The decorations, most of which are shipped – this year despite rough seas, according to Fourie – from Europe and China (try not to imagine the Christmas tale where elves frantically try to keep the decorations safe as a boat is tossed by giant waves), also have to be put up by experts, and then packed carefully and stored in space that someone has to pay for.
“[Consumers] expect it to be Christmas – they want the Christmas music they want the décor… Psychologically I believe it does entice them to spend longer, to get that Christmassy feeling. But as a marketing person, I could have done so much with the money… So it’s quite a dynamic to actually balance.”
On a recent Wednesday, a shopper named Craig Knight and his daughter Autumn seemed to back the consumer expectations up. Asked how he would feel if there weren’t decorations, Knight replied, “I wouldn’t shop.”
“I know I wouldn’t shop,” added Autumn, who is eleven years old.
But it’s not hard to measure the results, it seems. Fourie tracks photographs, shares and likes online, and they seem to be going well, she says. Three weeks into December, the centre had more than a million customers, or ‘feet’ – the number they usually have over the course of a whole month.
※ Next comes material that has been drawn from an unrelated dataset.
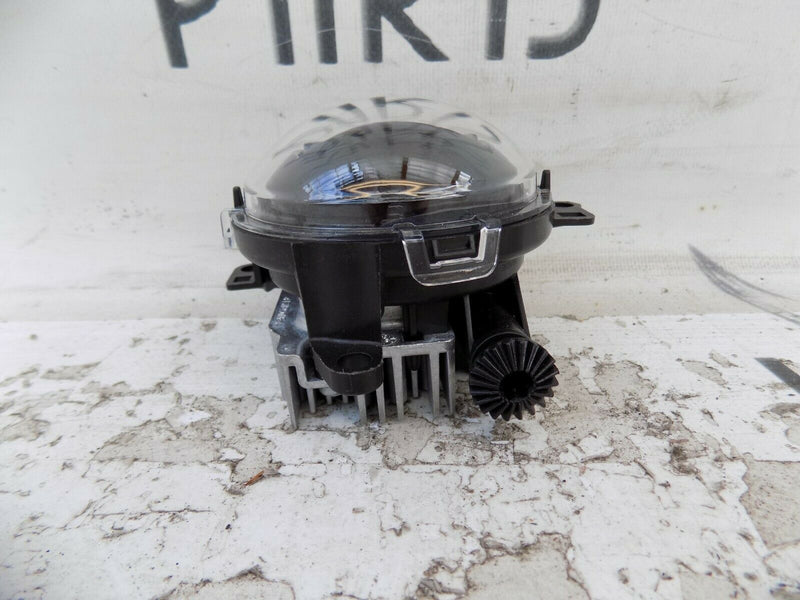 VOLVO V90 S90  RHD FRONT RH  HALOGEN FOG LIGHTS COMPLETE  32228795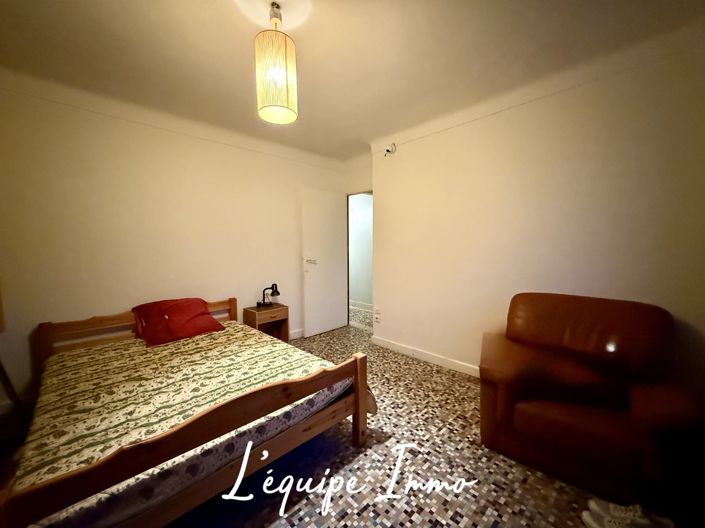 Image No.19-8 Bed House for sale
On black Friday alone, 85,000 customers went shopping at Mall of Africa.
Planning for Christmas decorations typically starts in April, when malls will speak to the handful of companies, according to Fourie, who are reliable enough to be able to carry out the task.
This year’s winning pitch, from The Magic Christmas Company, interpreted Africa as the centre of the universe, with countries and globes rotating around it. But this will be seen fully only in a few years’ time, as decorations are built up.
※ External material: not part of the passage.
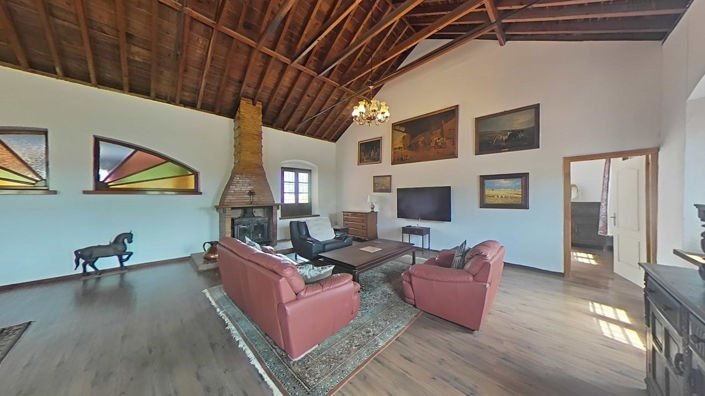 Image No.9-3 Bed Property for sale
For now, Christmas looks like blue and gold baubles – they chose blue to avoid typical Christmas colours but add something that would “pop” in the brightly-lit mall, says Fourie – fairy lights in various configurations, silver tinsel, and a few gold tinsel Africas.
Fourie says that she didn’t want to go for traditional decorations, because, “We are Mall of Africa, we’re also in Africa, and it’s 35 degrees outside. You know for me personally it doesn’t make sense to put up snow men and reindeer – it has some kid appeal – but it’s not, in my mind, representative of a South African Christmas.”
(As an aside, if the decorations aren’t enough, people can turn to some of the permanent features for a sense of wonder. Among them are giant trees reminiscent of acacias – pillars reaching up from the ground through a few floors and turning into branches that hold the ceiling up).
Mall of Africa has at least five target markets, says Fourie. The first is people who live or work nearby; the second are those who want to meet for a business lunch or similar half way between Johannesburg and Pretoria; the third is people who want to go to certain restaurants to be seen, and don’t mind driving far to get there (“an entertainment seeker willing to travel”); the fourth group on their way home from work – who could go to the mall because it’s a place where they can wait out the traffic; and the final one is “out-of-towners”, including shoppers from elsewhere in Africa who would make the trip there to buy clothing and other goods for a whole season or year – in other words, wealthy Africans from countries where the selection isn’t as good as South Africa’s. (Sandton City currently holds the reputation as mall of choice for this market).
But Fourie adds that it will take a year before the mall can fully make sense of patterns and behaviours and adapt accordingly.
The biggest challenge of the Christmas period, she says, is maintenance – like replacing toilet paper, making sure there is soap in the soap dispensers – and for restaurants to keep up with the increase in the number of people.
“The reality is, you’re not going to have what you have on a normal trading day.”
So what does Vanessa Fourie want for Christmas?
“A really good book, and a nice place to read it.”